What is the work of the preacher?

Many descriptions have been given to the work of preaching. Someone said that one could sum up a preacher’s relationship to the congregation with three words: hatch, match, and dispatch. That is, he was involved in member’s lives from start to finish. When children are born he is there to celebrate; when they begin the marital journey, he is there to perform the wedding; and when they graduate to the next world, he is there to deliver the funeral message. The late Wendell Winkler often said that the preacher’s work consisted of three Es: evangelize, edify, and enlist. He explained that this meant preachers are to continually emphasize teaching the lost (keeping cottage studies going one night a week), encouraging the saved (through visiting and Bible classes), and reproducing themselves by involving others in the Lord’s work (young men’s training classes, encouraging talented men to attend preacher training institutions) (2 Timothy 2:2).

Let’s look at a preacher’s work from a different perspective.

Learn and turn. The preacher is first a teacher; the instructor is first a disciple.
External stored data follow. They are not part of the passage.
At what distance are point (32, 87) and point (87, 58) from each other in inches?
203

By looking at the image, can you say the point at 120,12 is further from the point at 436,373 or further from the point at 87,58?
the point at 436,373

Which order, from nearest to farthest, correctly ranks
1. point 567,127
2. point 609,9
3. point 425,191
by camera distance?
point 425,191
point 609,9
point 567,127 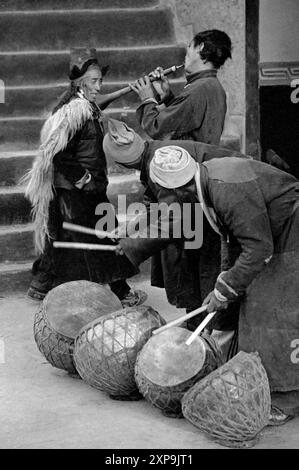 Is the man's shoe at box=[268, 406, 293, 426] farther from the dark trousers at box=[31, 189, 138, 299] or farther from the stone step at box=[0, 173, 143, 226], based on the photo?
the stone step at box=[0, 173, 143, 226]

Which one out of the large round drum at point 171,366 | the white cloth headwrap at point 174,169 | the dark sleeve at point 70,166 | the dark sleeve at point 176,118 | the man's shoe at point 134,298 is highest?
the dark sleeve at point 176,118

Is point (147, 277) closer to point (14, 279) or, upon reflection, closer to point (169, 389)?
point (14, 279)

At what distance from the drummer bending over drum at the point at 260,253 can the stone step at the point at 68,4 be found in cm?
457

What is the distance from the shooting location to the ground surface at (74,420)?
186 inches

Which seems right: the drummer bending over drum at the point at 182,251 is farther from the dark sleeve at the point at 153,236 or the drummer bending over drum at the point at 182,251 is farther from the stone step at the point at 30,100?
the stone step at the point at 30,100

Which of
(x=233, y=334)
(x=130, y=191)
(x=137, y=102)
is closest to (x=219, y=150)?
(x=233, y=334)

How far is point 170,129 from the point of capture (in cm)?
630

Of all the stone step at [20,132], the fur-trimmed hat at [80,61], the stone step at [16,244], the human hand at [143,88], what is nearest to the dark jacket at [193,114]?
the human hand at [143,88]

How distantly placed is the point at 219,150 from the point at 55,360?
1569 millimetres

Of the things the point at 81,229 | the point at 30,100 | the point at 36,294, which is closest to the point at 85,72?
the point at 81,229

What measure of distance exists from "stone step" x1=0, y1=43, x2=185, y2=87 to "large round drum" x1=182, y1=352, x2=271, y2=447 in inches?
186

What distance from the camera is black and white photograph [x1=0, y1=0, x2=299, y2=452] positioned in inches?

Paul described himself: “Whereunto I am ordained a preacher, and an apostle, (I speak the truth in Christ, and lie not;) a teacher of the Gentiles in faith and verity (1 Timothy 2:7; cf. 2 Timothy 1:11).” Paul’s classic text on preaching includes the teaching aspect of preaching: “Preach the word; be instant in season, out of season; reprove, rebuke, exhort with all longsuffering and doctrine1 (2 Timothy 4:2).” Paul wrote to the young preacher, “Till I come, give attendance to reading, to exhortation, to doctrine2 (1 Timothy 4:13).” Doctrine in these passages means teaching.
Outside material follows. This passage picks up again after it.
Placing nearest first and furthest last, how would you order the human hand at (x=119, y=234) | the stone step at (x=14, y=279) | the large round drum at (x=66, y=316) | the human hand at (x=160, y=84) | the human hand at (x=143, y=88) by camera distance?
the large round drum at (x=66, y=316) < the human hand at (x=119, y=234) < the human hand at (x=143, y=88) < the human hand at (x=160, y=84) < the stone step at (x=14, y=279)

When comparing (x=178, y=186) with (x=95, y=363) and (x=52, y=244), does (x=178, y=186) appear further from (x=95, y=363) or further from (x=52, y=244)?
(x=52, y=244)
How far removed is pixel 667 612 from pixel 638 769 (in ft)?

To teach, one must learn. To learn, one must study. To study, one must weekly dedicate the mental energy and the clock time to deliver four carefully researched thirty- to forty-minute gospel presentations. The average sermon contains about 5,000 words. Most preachers deliver about 100 sermons a year (not to mention another 100 Bible classes). This totals 500,000 words a year. An average full-length novel contains 50,000 words, so a preacher is producing the equivalent of ten full-length novels every year. Even Louis L’Amour didn’t do that! (He tried to write five pages a day, and was considered a prolific writer). Most popular novelists turn out one, or two, novels per year. Needless to say, a few minutes on Saturday night with a sermon outline book or on SermonCentral.com is insufficient. Shallow, ill-thought-out sermons have little influence. Like a dull sword, they hardly prick the skin of the heart. Like a bland, low-calorie diet, they give little nourishment and less taste.
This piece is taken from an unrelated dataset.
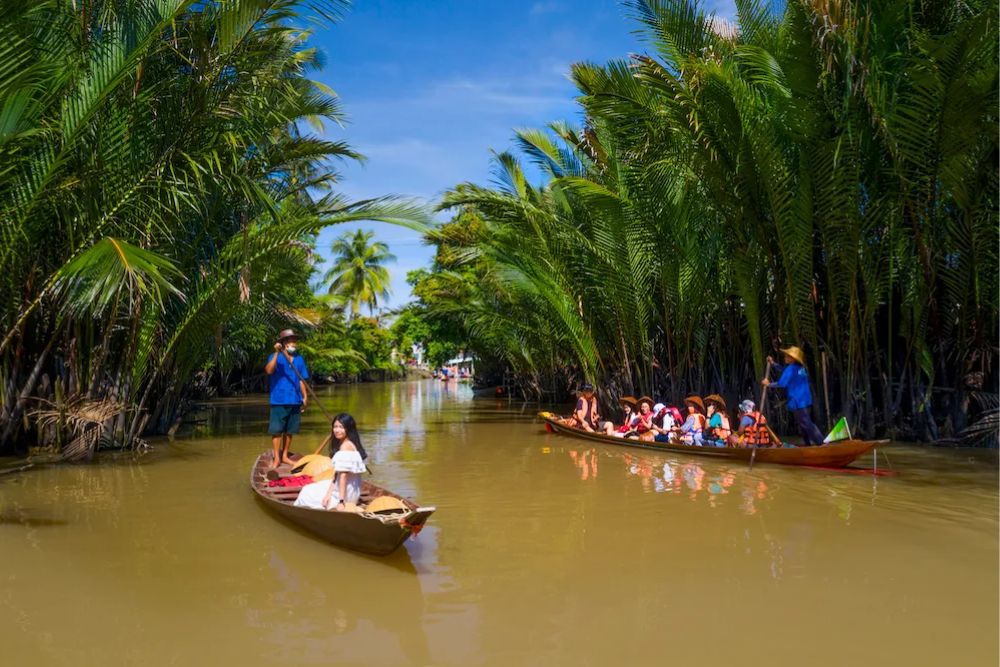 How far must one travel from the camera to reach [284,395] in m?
8.70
Teaching is an ongoing process (Matthew 28:20; Hebrews 5:11-12). Hearing the truth is not a one-time vaccination against sin – it is a lifetime prescription dispensed in small doses. One preacher posted this Frederick Danker quote on the inside of his study door: “The Gospel is a fuel required constantly to produce and promote the life of the Spirit within the Christian. The fruits of the Spirit grow only where the Gospel is sown tirelessly and unremittingly.”

~ Allen Webster ~

End notes:
1.  The Greek for doctrine here is didache, but in 2 Timothy 3:16, didascalia. Didascalia is what one receives; didache is what is communicated [Tittmann] (Robertson’s Word Pictures).
2.  Didache, KJV – doctrine 29, has been taught 1; 30; the act of teaching, instruction.